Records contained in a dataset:
-- -- --

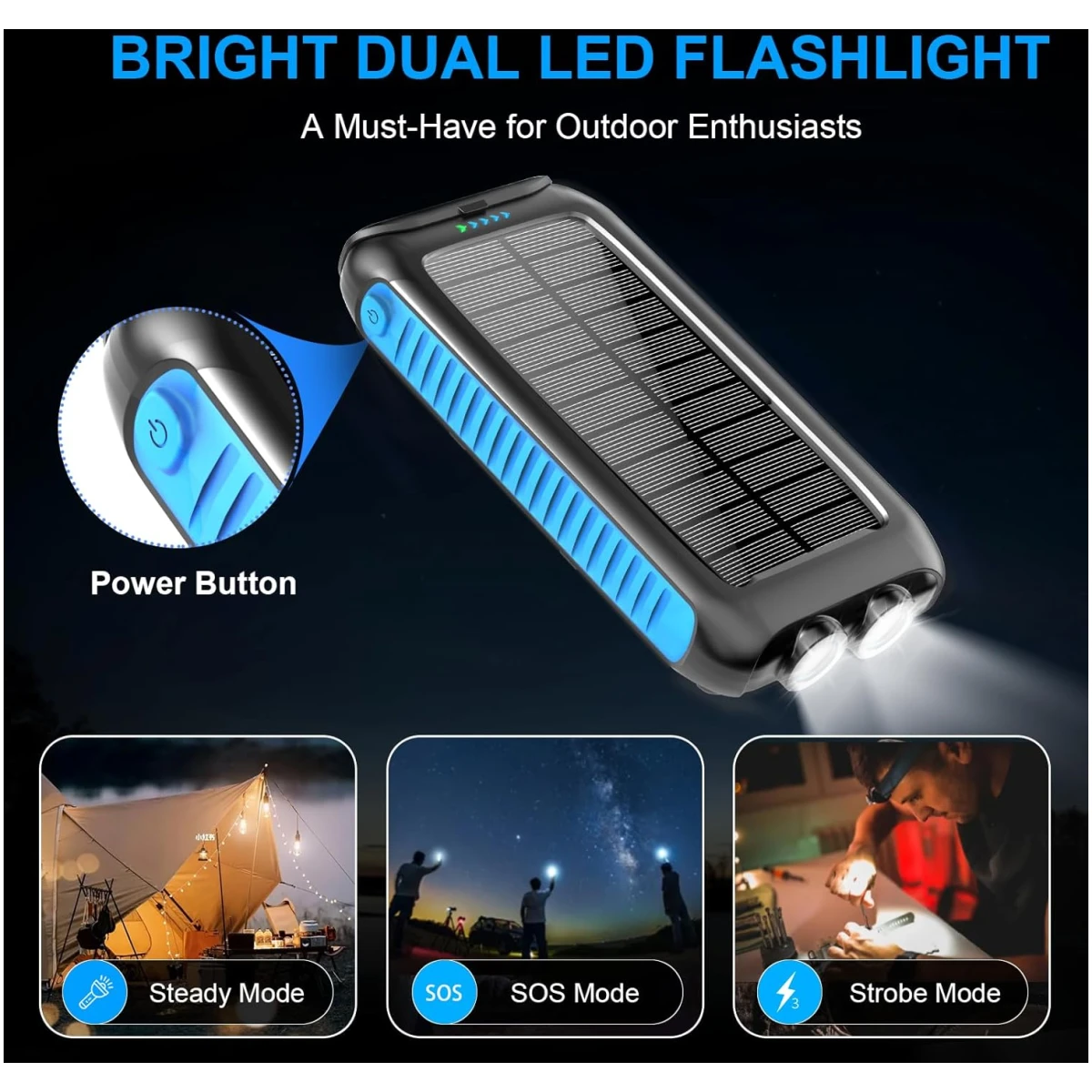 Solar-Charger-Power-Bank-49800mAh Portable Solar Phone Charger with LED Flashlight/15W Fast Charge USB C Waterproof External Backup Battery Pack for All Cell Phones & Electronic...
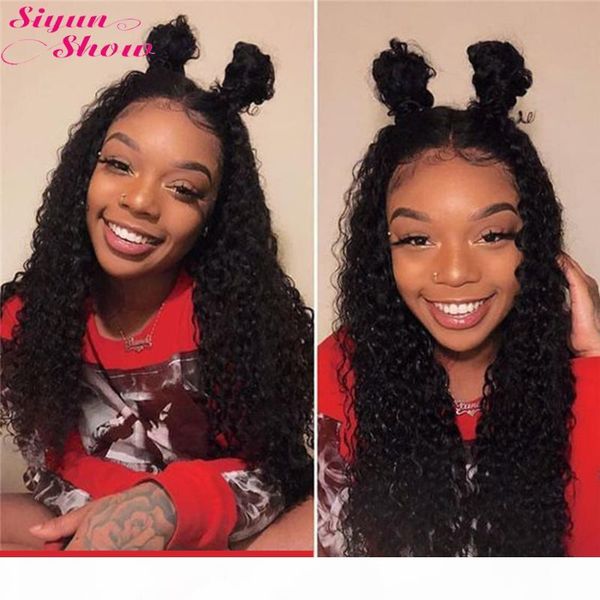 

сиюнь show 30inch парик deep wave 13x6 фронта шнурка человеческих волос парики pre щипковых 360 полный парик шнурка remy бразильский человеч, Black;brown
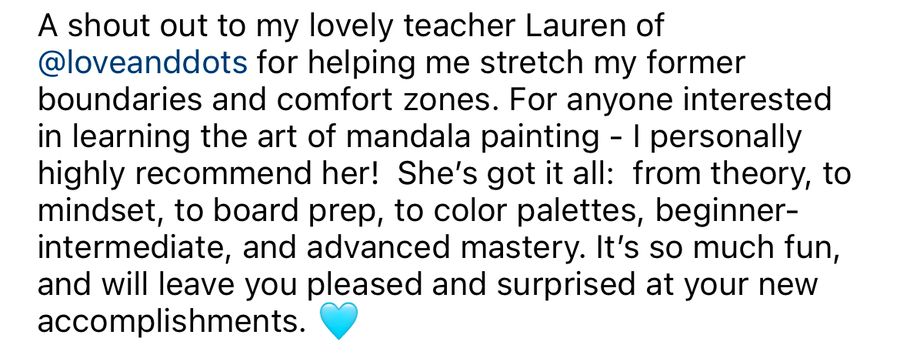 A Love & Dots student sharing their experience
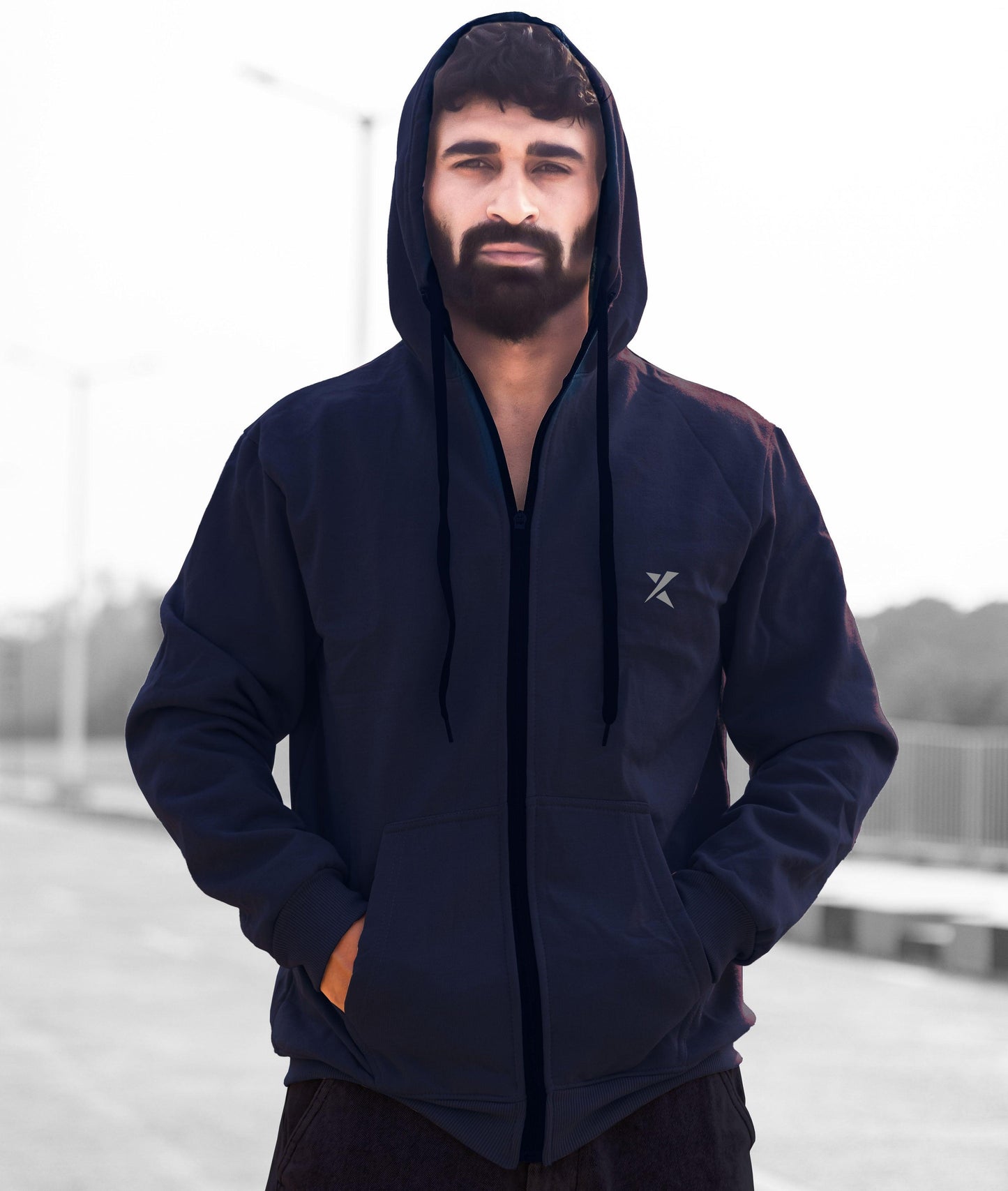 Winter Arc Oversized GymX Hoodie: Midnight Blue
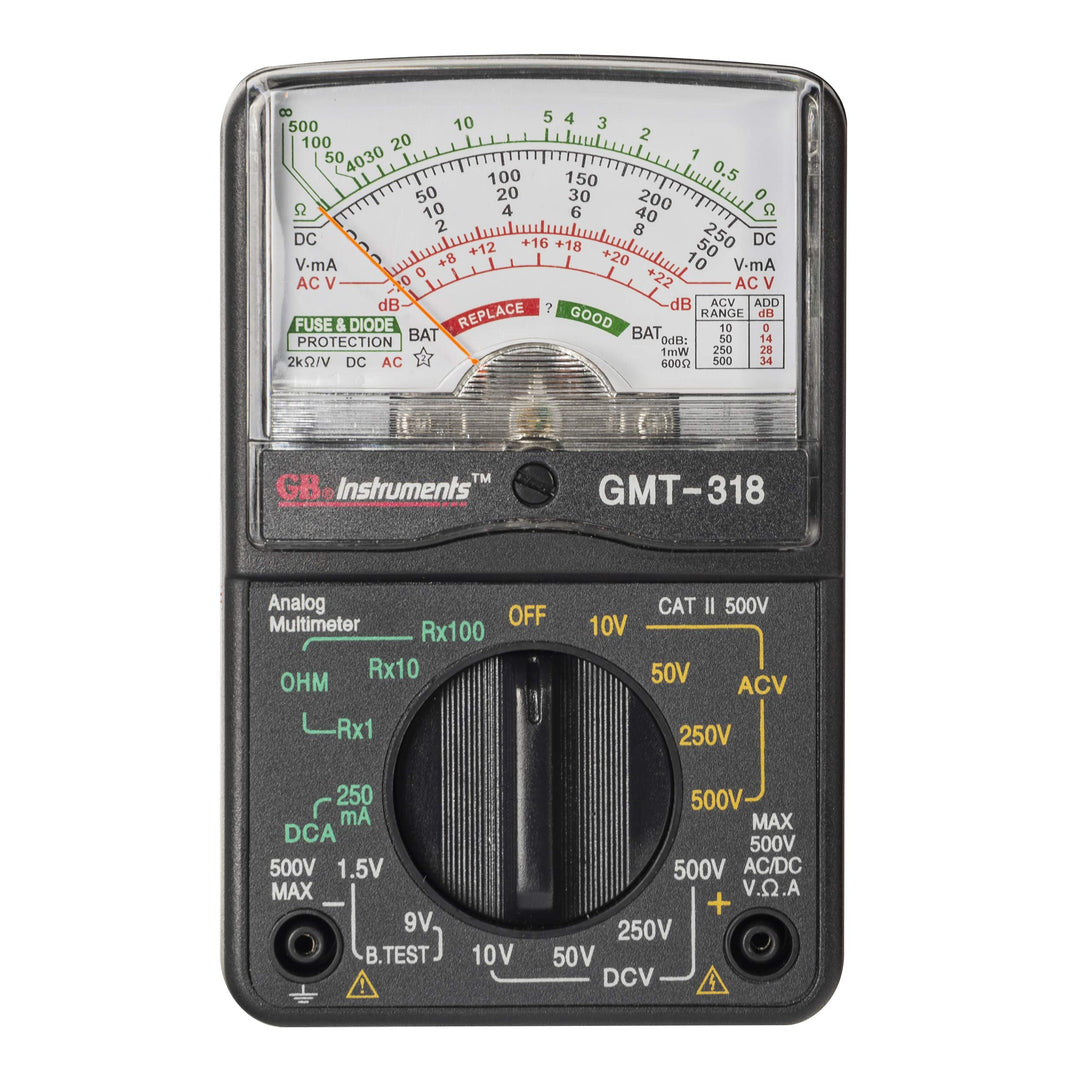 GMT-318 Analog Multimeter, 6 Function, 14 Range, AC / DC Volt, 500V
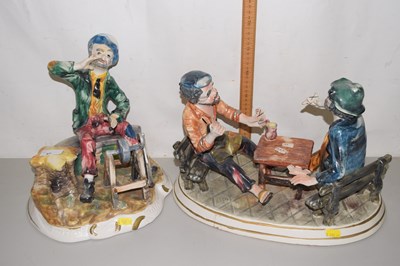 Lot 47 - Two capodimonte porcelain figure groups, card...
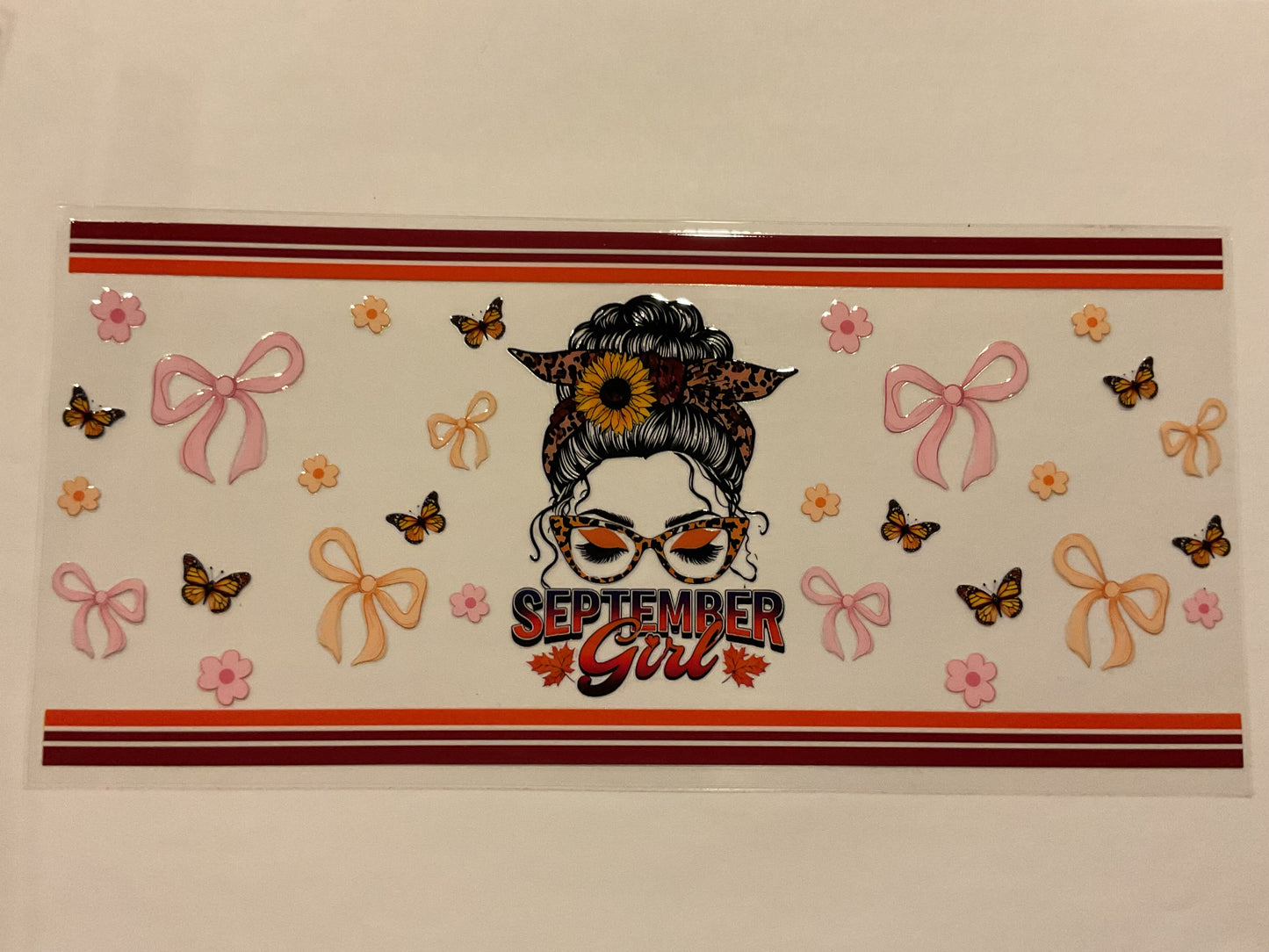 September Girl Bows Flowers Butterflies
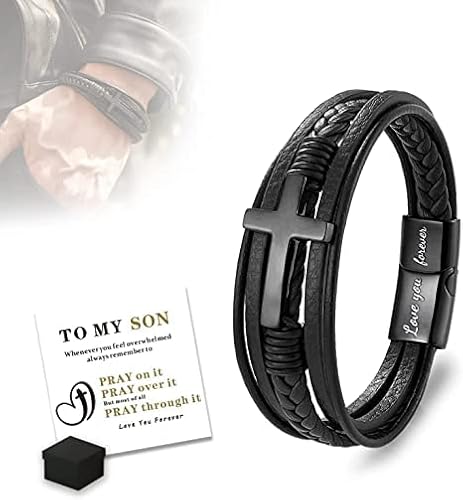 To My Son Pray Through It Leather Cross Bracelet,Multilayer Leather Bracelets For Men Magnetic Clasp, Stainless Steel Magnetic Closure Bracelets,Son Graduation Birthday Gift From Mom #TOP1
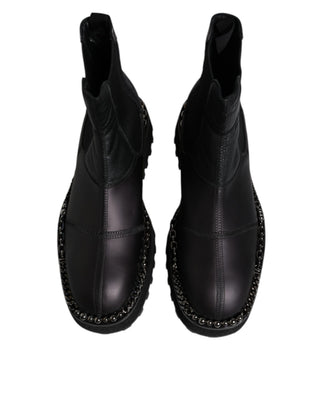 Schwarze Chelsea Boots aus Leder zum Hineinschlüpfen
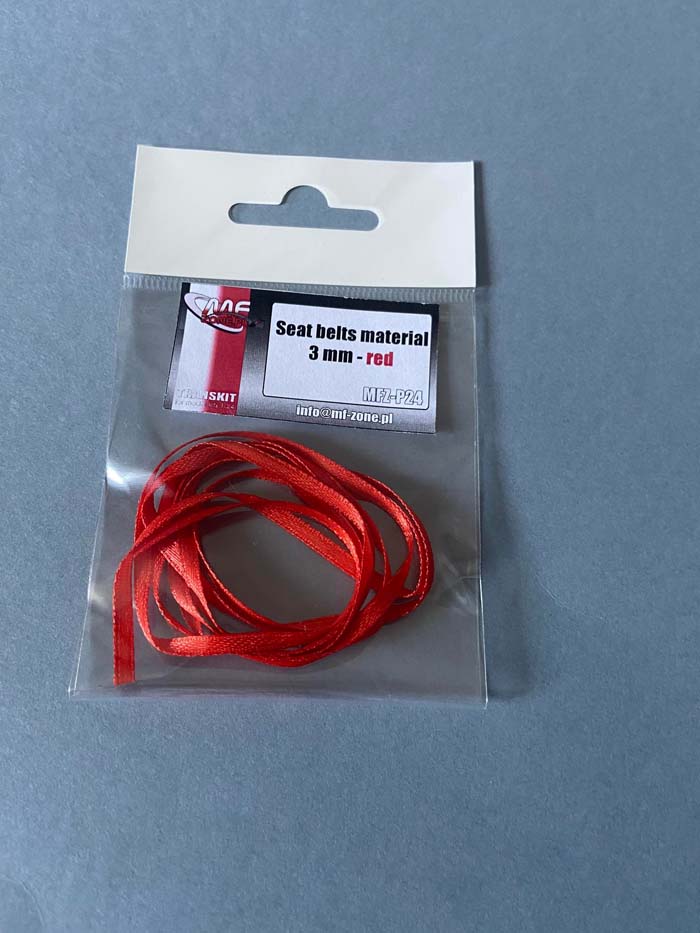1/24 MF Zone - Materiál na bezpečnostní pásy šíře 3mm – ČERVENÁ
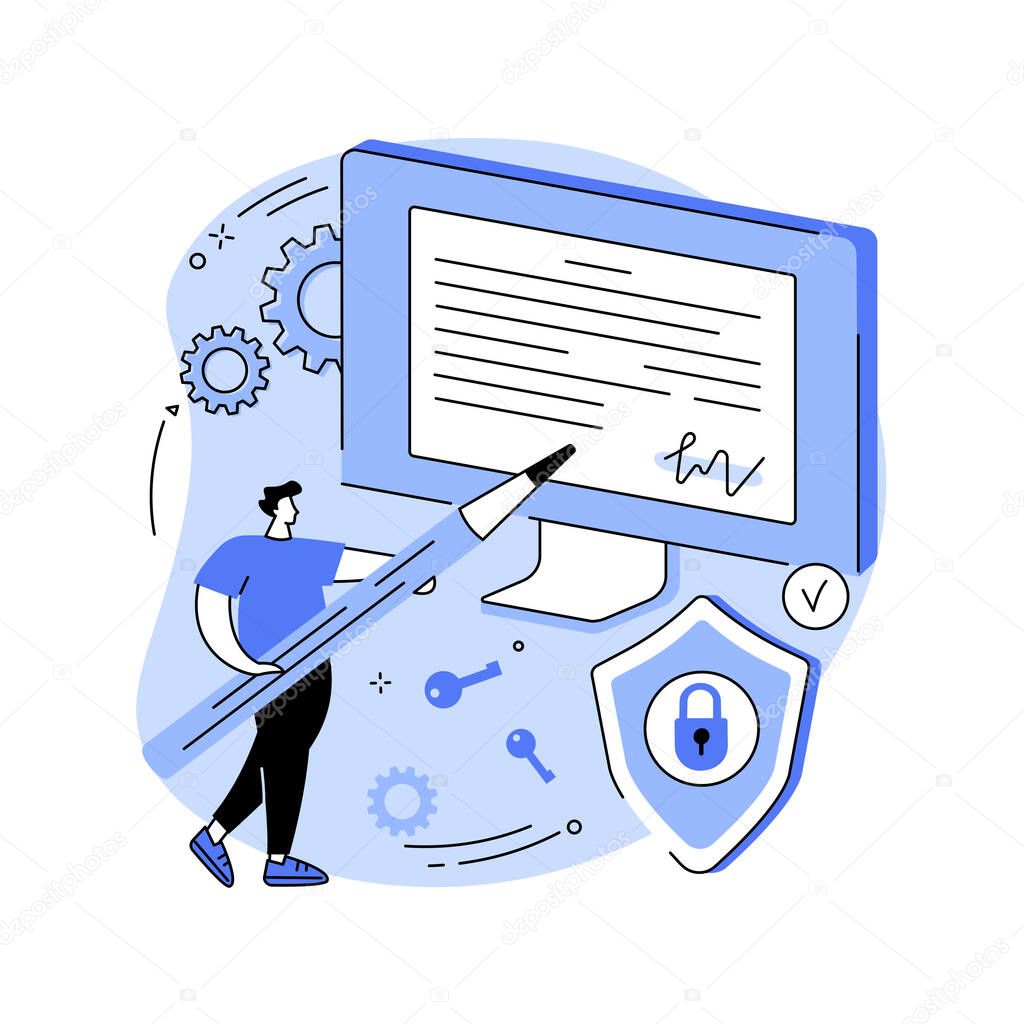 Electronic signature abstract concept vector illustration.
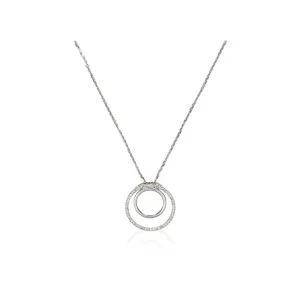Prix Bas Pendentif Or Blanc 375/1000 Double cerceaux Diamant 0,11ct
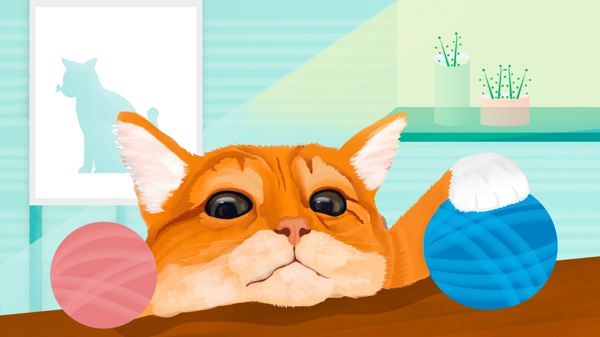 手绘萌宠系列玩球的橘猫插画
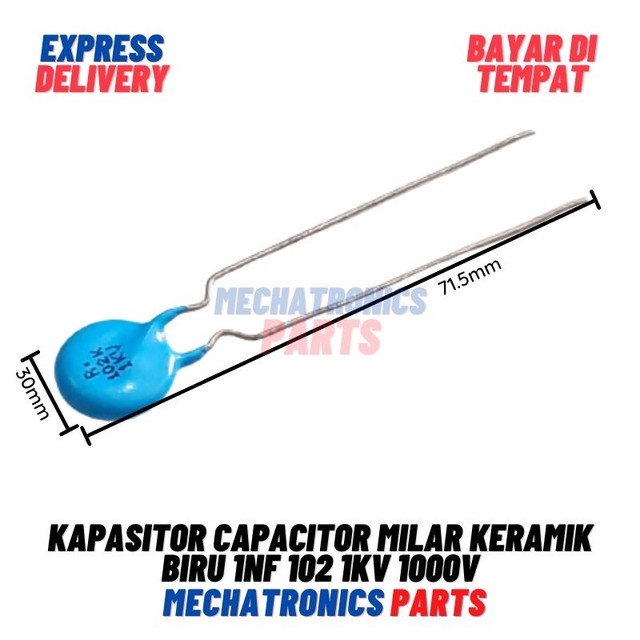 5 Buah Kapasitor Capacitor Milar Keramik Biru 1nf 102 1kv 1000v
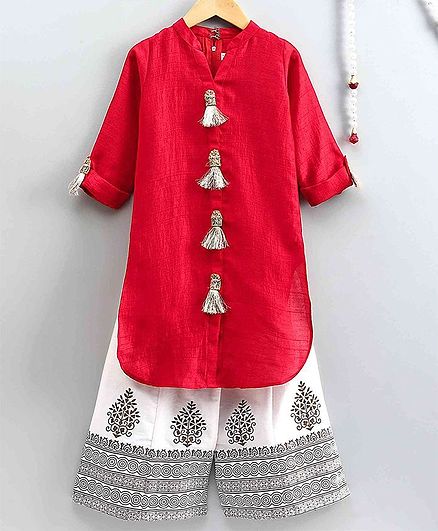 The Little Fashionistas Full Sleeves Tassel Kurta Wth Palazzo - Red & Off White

-- -- --

DESCRIPTION OF THE TASK -
Nothing but the lines from the start of the records through the line holding "Prix Bas Pendentif" should be printed, exactly as written and with the pictures left out.

SOLUTION TO THE PROBLEM -
 Solar-Charger-Power-Bank-49800mAh Portable Solar Phone Charger with LED Flashlight/15W Fast Charge USB C Waterproof External Backup Battery Pack for All Cell Phones & Electronic...

сиюнь show 30inch парик deep wave 13x6 фронта шнурка человеческих волос парики pre щипковых 360 полный парик шнурка remy бразильский человеч, Black;brown
 A Love & Dots student sharing their experience
 Winter Arc Oversized GymX Hoodie: Midnight Blue
 GMT-318 Analog Multimeter, 6 Function, 14 Range, AC / DC Volt, 500V
 Lot 47 - Two capodimonte porcelain figure groups, card...
 September Girl Bows Flowers Butterflies
 To My Son Pray Through It Leather Cross Bracelet,Multilayer Leather Bracelets For Men Magnetic Clasp, Stainless Steel Magnetic Closure Bracelets,Son Graduation Birthday Gift From Mom #TOP1
 Schwarze Chelsea Boots aus Leder zum Hineinschlüpfen
1/24 MF Zone - Materiál na bezpečnostní pásy šíře 3mm – ČERVENÁ
 Electronic signature abstract concept vector illustration.
Prix Bas Pendentif Or Blanc 375/1000 Double cerceaux Diamant 0,11ct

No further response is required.